For the last few weeks we’ve had one quarrel with Jackie. Hair. And her stubbornness to not keep it out of her face. After a lovely bob she got last year around this time, her bangs grew thickly all the way bellow her jaw. We’ve been pondering a new style, a fresh haircut, while keeping the length of hair. 

We’ve mentioned a short haircut as a consequence to her not keeping her hair out of her face. Daddy said he can get the buzzer and do it himself. In this context, Conrad and I have discussed our difference of opinions often. He loves short hair. But I like Jackie’s long beautiful locks. Today her and I had a heated discussion about her unexplainable stubbornness to let her hair flow freely, because it gets into the food, she can’t see where she’s going, and she started tilting her head constantly, to see. 

After a lovely morning, playing with friends, hair in a ponytail, we had lunch and she reluctantly went down for a nap.

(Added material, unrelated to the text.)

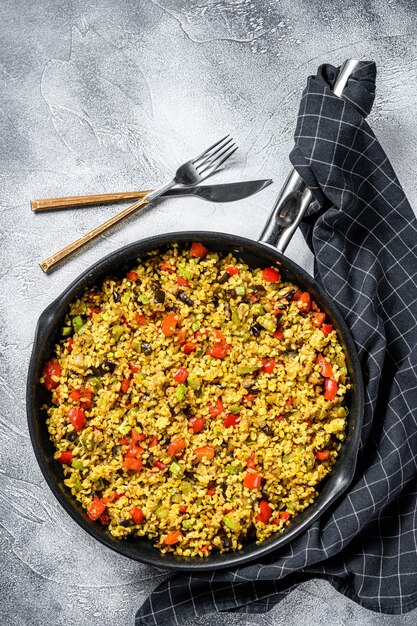 Bulgur cocido con verduras y carne de pollo en una sartén. Vista superior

I insisted on it because we were supposed to go to a ballet class late this afternoon. 

I could hear her shuffling in bed, talking to herself, to her dolls. Eventually I decided to go up and rub her back and lay next to her. I was so exhausted and so ready to rest. As I got up to her bed, she was pretending to be asleep. She felt my gaze. She started smiling. Then she sat up. I got near her and only then I noticed something was off. She had chopped off her hair. And inch long in the front. 

  • What did you do? I ask. 
  • I cut my hair. Do you like it? she answered smiling.
  • Why did you do it?
  • So daddy wouldn’t cut it shorter. 
  • Jackie, we go to the salon to get nice haircuts.
  • But you’ve cut my bangs in the past!
  • I did. But I could measure and see what I was doing.
  • I think it’s nice. She says.
  • How did you manage? I ask.
  • I pushed the laundry basket near the sink to reach the scissors and I did it.
  • But why?
  • So I wouldn’t have hair in my face. 

At this point I called Conrad. He came. Her bedsheets had pieces of hair so I switched the bedding. The bathroom, the sink and trash were draped with long strings of blond hair. Lots and lots of it. I couldn’t quite see how bad it was. But it looked really chopped. And the front was so short. 

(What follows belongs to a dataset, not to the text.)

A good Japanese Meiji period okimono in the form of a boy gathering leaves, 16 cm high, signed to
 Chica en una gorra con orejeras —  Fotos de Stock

She kept trying to convince us it was a great idea. I was so tired, after she went to the bathroom to change her clothes, I burst into tears. She heard me. Then she burst into tears. Conrad was trying to keep us together with a calm soothing voice. He even told her it looked nice. Why was I so affected by this? I honestly still don’t know. I’ve told her to never cut her own hair when once I saw her reach for the scissors and then reaching to almost cut her bangs. We were brushing her teeth. We had a talk about it then. I guess she forgot. 

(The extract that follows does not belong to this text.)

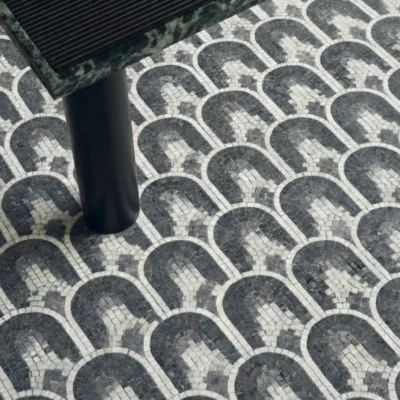 Black and white mosaic tile with repeating arch pattern in a geometric layout.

After we went to the salon, and the lady there did a pretty good job blending in the chopping, and fixing the layers, we got home and Jackie went to her room, glanced at herself in the hexagonal mirror on the wall next to her play kitchen and said: “why did I cut my bangs? I didn’t have a strong enough will.” (Strong will just like in the Frog and Toad story about biscuits). I was passing by so I asked her why she said that. She assured me that she likes her new haircut, and maybe in the fall she can do it again. “Noooo!” We went over it again. “If you want to get a haircut, please tell mommy!” I told her she did a good job layering. I was surprised actually. To which she said she saw a video on YouTube the other day, with her cousin, on how to cut hair at home. 

I don’t know if I should laugh or cry. But honestly I did not see it coming: her chopping her own beautiful hair. It will grow back, I know, and we can already laugh it off, but only after shedding some tears over chopped hair.